Just then Rose came in with the evening post.
“Thanks, Rose,” said Francis, taking his letters. “And please get me Mrs. Cecil Danvers’ number on the telephone – the country number.”
“I say,” said Hugh, “here’s a letter from James.”
“Confound his impudence,” said Francis.
“You’ll probably confound it even more when you’ve read this,” said Hugh, passing the letter to his cousin.
“Dear Hugh,” it said, “Please tell anyone I owe money to at the office that I shall probably continue to owe it. I have found someone who really appreciates me at last and don’t intend to come back. Caroline can get any information she wants from my lawyers. I suppose one of you will be ready to marry your charming cousin when she is free. Francis is very welcome to her, though I doubt whether she will look at him while you are about. J.D.”

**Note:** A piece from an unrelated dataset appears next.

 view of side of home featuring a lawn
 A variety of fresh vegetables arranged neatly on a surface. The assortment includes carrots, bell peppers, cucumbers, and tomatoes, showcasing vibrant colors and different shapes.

Before either of the cousins could voice the anger which both felt, the telephone rang. Francis answered it and heard Anna’s voice.
“Caroline is no worse,” he said as he put the receiver back. “Dr. Herbert says it is shock and exhaustion, and they have doped her so that she’ll sleep. Anna says she only spoke once, to apologize for being a trouble and to ask if you would be coming down. Oh, I didn’t tell you she sent you her love when I left her this morning.”